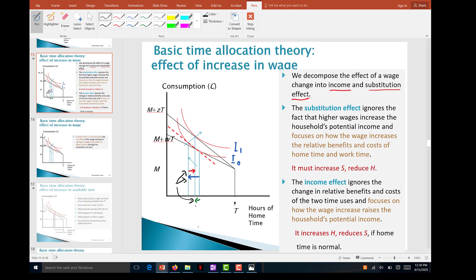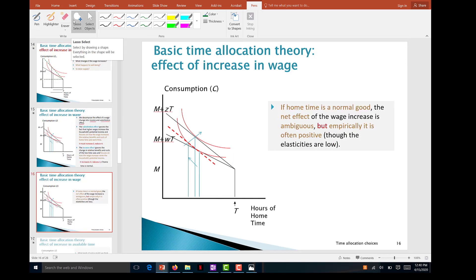The substitution effect is the blue arrow, the income effect is the red arrow working in the opposite direction, and the total effect is the green arrow — smaller than the substitution effect alone. If the income effect were larger than the substitution effect, the total effect would go in the opposite direction, implying an inferior good. Empirical work has shown the net effect is positive: higher wages generally mean more hours of work.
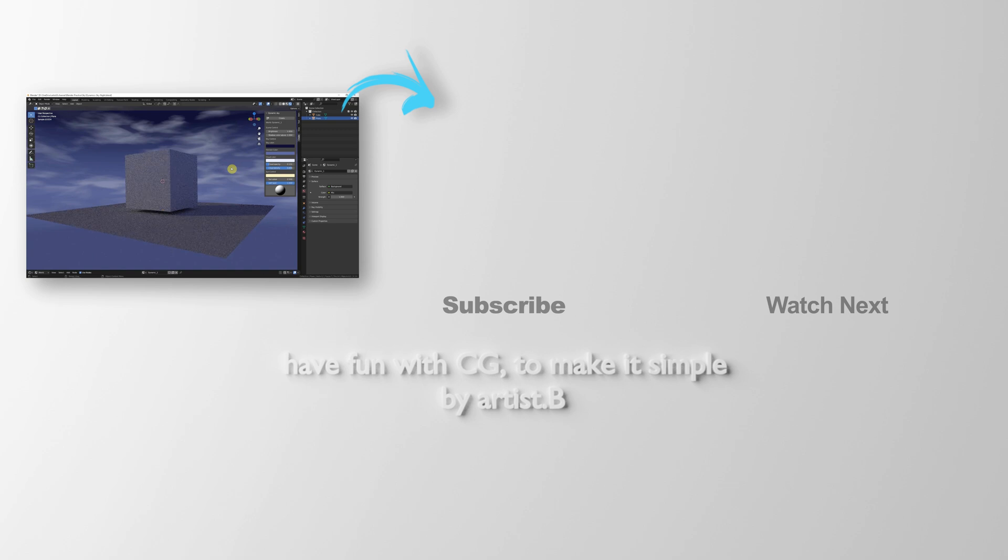Thank you for watching. Hope this helped. Please subscribe to this channel. More videos will be shared with you. I am Artis B. See you in the next video. Bye bye.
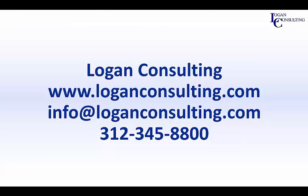For all of your Microsoft Dynamics consulting needs, please visit us at LoganConsulting.com, email us at info@LoganConsulting.com, or call us at 312-345-8800.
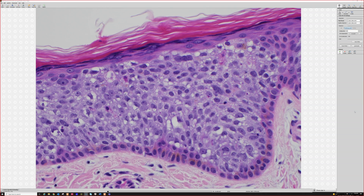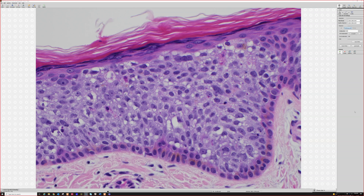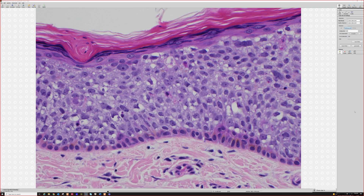...sometimes doing Ki-67 or MIB1 and p53 can be helpful — it'll show a lot of expression. I don't do that very often, but occasionally I've had cases with a large pigmented patch on the face where I'm deciding between a big seborrheic keratosis or squamous cell carcinoma in situ, which would significantly change management. In those cases, sometimes I've done that staining.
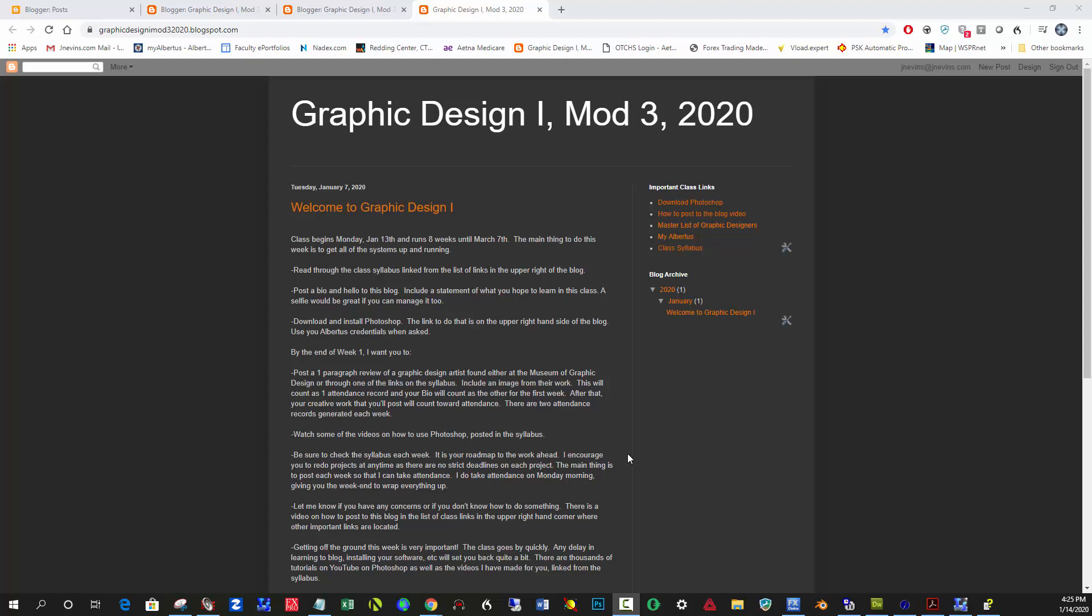Hi everybody, this is a quick video on how to use the blog. Here we are, Mod 3 2020, and here's a basic blog I've set up for the class. What's important is that you respond to the email Blogger sent you in your Albertus Gmail and click on the link inside. That allows you to join the blog, as the blog only allows people in the class to make posts and comments on it.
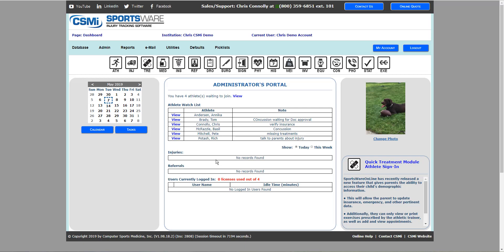You'll also have the calendar on the left hand side. Here is where you can add in schedules, availability, games, and practices so that you'll be able to monitor your athletes and their usage.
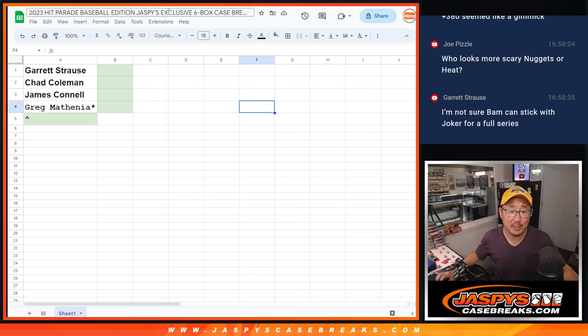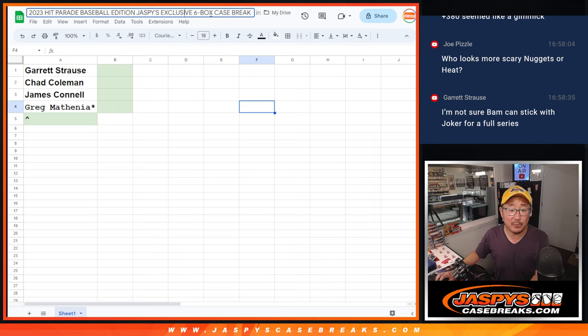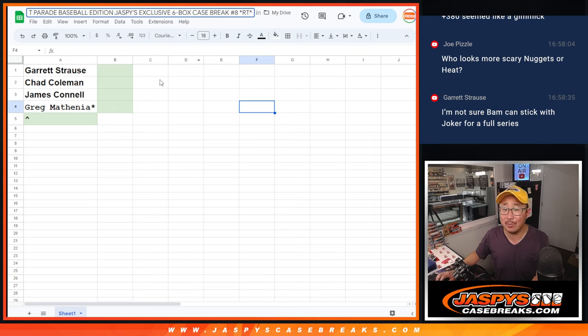Hi, everyone. Joe from Jazby's Casebreaks.com. For Hip Parade Baseball, Jazby exclusive, Random Team Break number eight.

• • •

Task statement. Please give again only the lines from the one containing "Hi everybody, this" through the last line of the entries above, exactly as they stand and without pictures.

Response area.
Hi everybody, this is a quick video on how to use the blog. Here we are, Mod 3 2020, and here's a basic blog I've set up for the class. What's important is that you respond to the email Blogger sent you in your Albertus Gmail and click on the link inside. That allows you to join the blog, as the blog only allows people in the class to make posts and comments on it.
You'll also have the calendar on the left hand side. Here is where you can add in schedules, availability, games, and practices so that you'll be able to monitor your athletes and their usage.
Hi, everyone. Joe from Jazby's Casebreaks.com. For Hip Parade Baseball, Jazby exclusive, Random Team Break number eight.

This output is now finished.